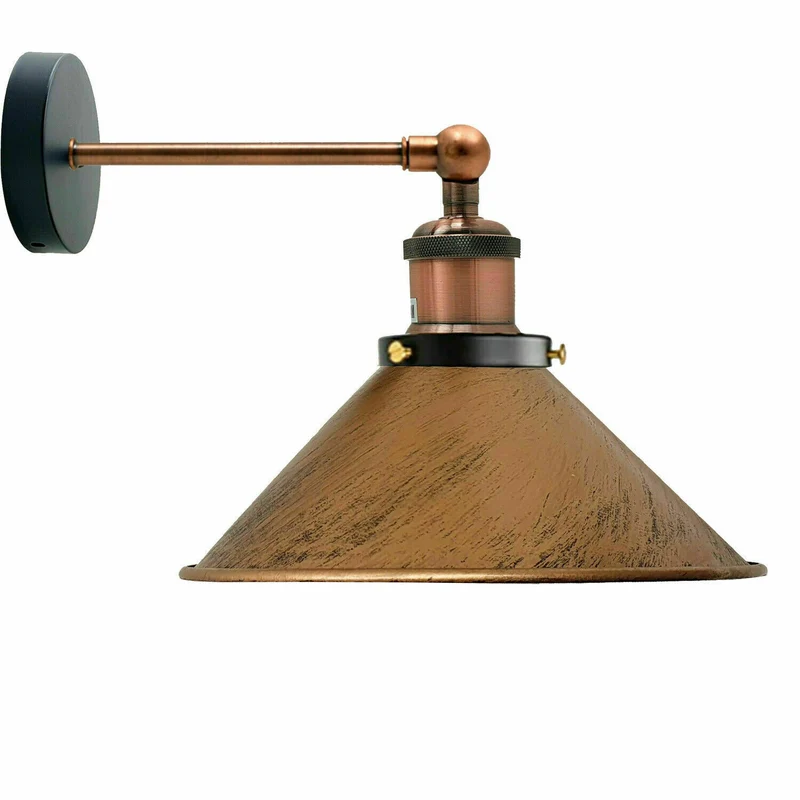 Retro Industrie Wandleuchte Farbig Kegelschirm Verstellbar E27 ~3710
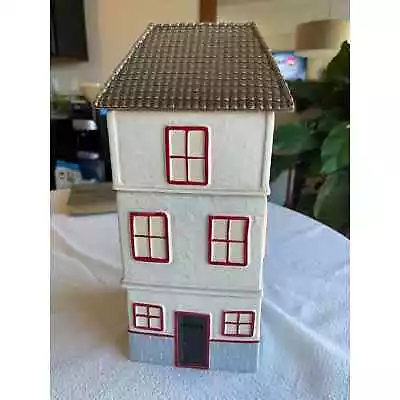 Pottery Barn Tall Townhouse Cookie Jar 3 Sections W/ Shingle Roof Lid Stunning • $60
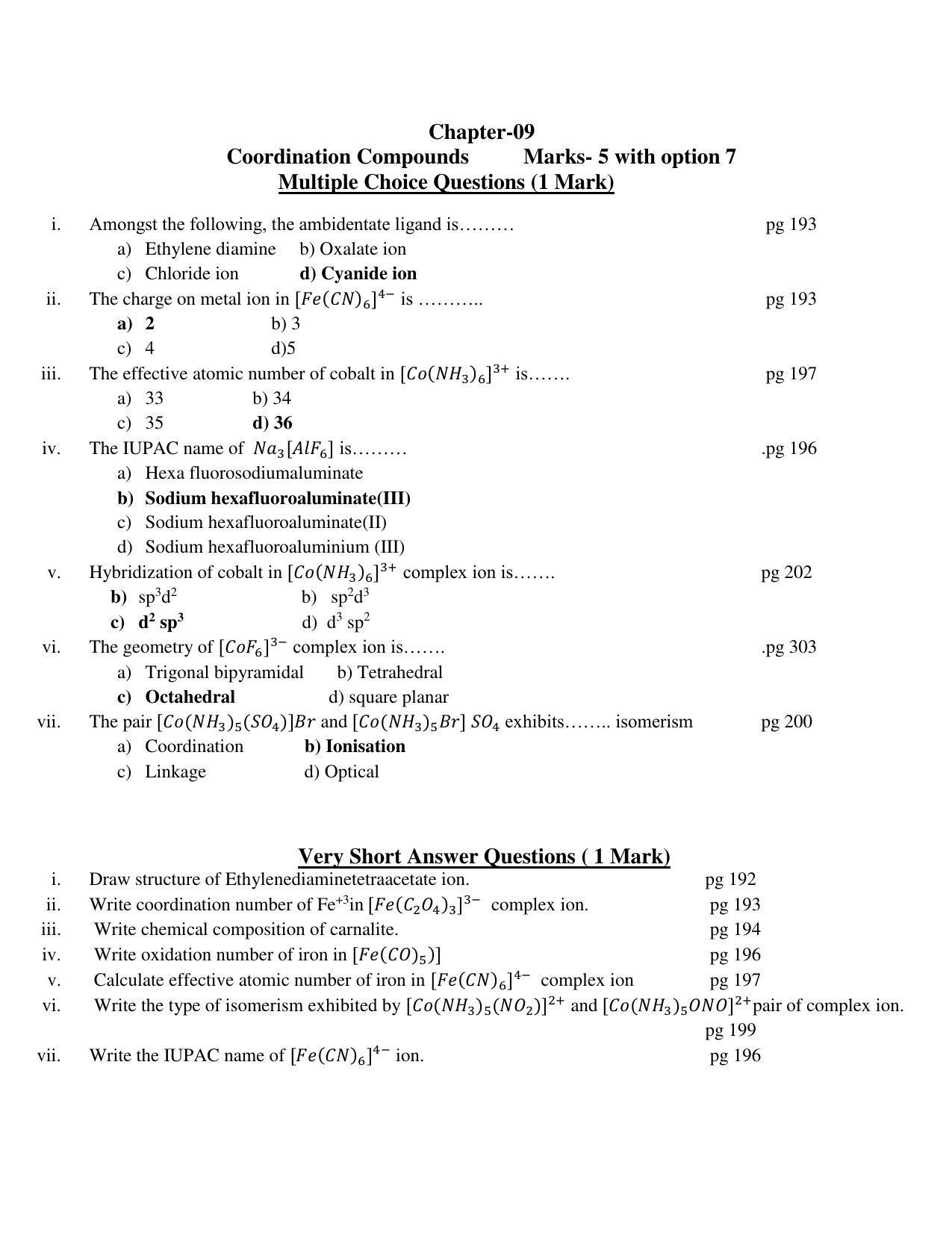 Maharashtra Board Class 12 Chemistry Sample Papers - Page 20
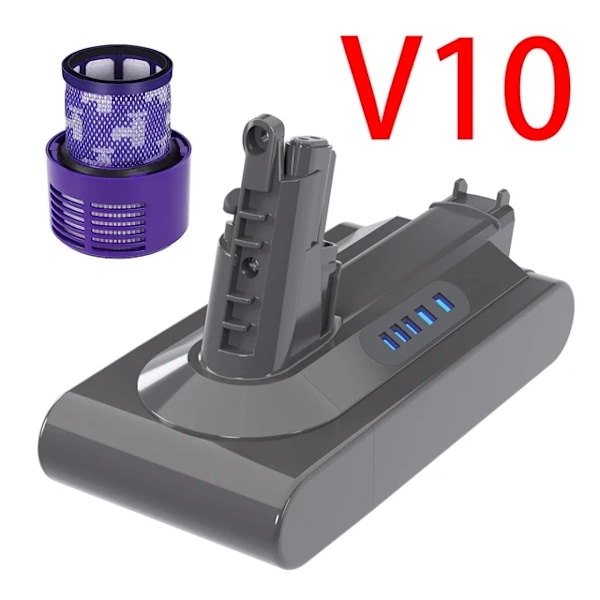 Dammsugare Batteri, Uppladdningsbart, Kompatibelt med Dyson V6-V10, V10 6000mAh filter V10 6000mAh filter V10 6000mAh filter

□ □ □

The listing above must be retyped word for word, without the pictures.

Response for this exercise.
 Retro Industrie Wandleuchte Farbig Kegelschirm Verstellbar E27 ~3710
 Pottery Barn Tall Townhouse Cookie Jar 3 Sections W/ Shingle Roof Lid Stunning • $60
 Maharashtra Board Class 12 Chemistry Sample Papers - Page 20
 Dammsugare Batteri, Uppladdningsbart, Kompatibelt med Dyson V6-V10, V10 6000mAh filter V10 6000mAh filter V10 6000mAh filter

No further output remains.